### Data for analysis
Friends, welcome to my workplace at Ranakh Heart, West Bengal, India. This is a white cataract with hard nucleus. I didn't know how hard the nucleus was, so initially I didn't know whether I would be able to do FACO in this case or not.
---
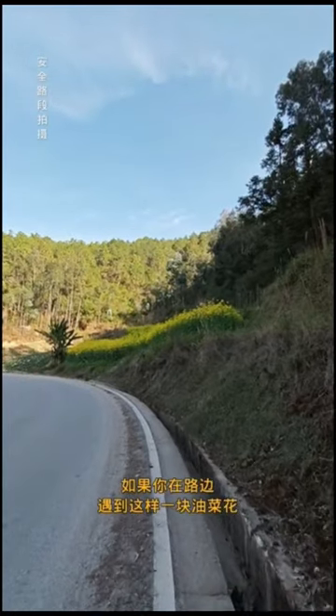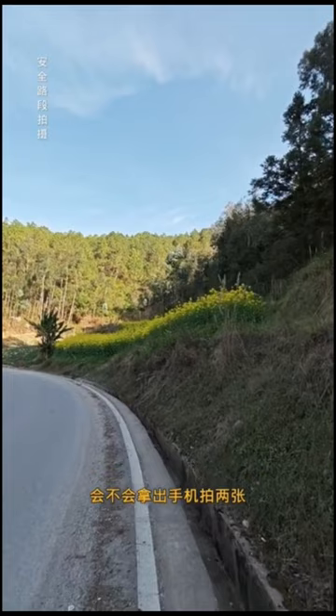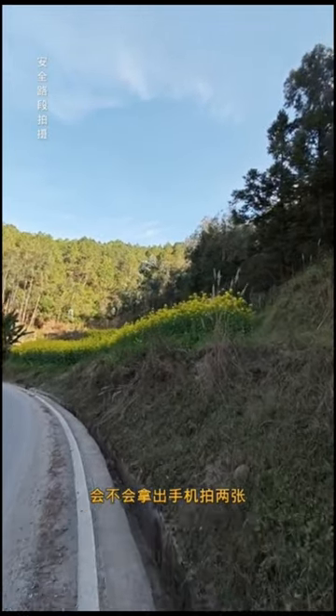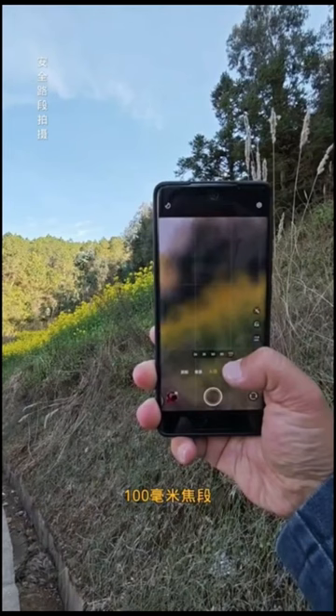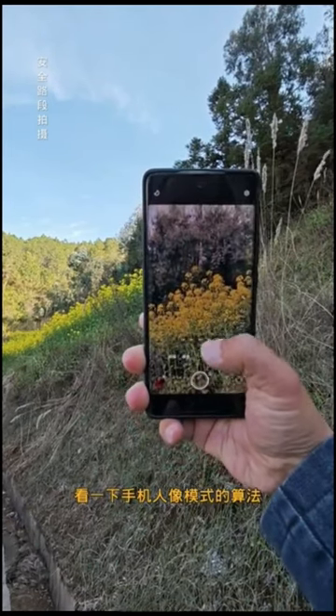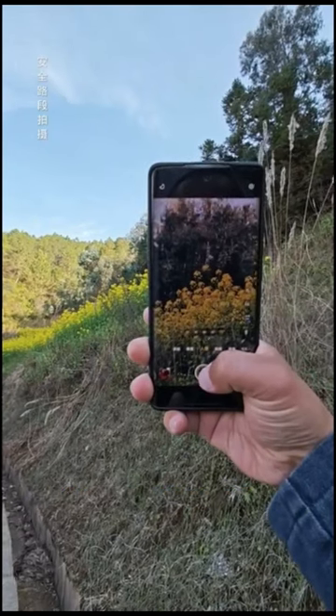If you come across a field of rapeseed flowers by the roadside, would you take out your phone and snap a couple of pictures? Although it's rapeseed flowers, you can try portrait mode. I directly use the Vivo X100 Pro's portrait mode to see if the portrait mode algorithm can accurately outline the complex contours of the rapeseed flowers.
==
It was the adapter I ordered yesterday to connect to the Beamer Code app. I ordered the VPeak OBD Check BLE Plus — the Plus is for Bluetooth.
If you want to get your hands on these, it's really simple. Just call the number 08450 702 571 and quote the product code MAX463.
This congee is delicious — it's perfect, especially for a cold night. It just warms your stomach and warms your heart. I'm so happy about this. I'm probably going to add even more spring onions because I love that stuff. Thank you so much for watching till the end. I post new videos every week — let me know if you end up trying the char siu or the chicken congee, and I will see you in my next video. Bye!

### Task details
In the listing above, locate the line with "It was the adapter" and the line with "This congee is", then extract exactly those lines and every line between them, and nothing more.

### Answer space
It was the adapter I ordered yesterday to connect to the Beamer Code app. I ordered the VPeak OBD Check BLE Plus — the Plus is for Bluetooth.
If you want to get your hands on these, it's really simple. Just call the number 08450 702 571 and quote the product code MAX463.
This congee is delicious — it's perfect, especially for a cold night. It just warms your stomach and warms your heart. I'm so happy about this. I'm probably going to add even more spring onions because I love that stuff. Thank you so much for watching till the end. I post new videos every week — let me know if you end up trying the char siu or the chicken congee, and I will see you in my next video. Bye!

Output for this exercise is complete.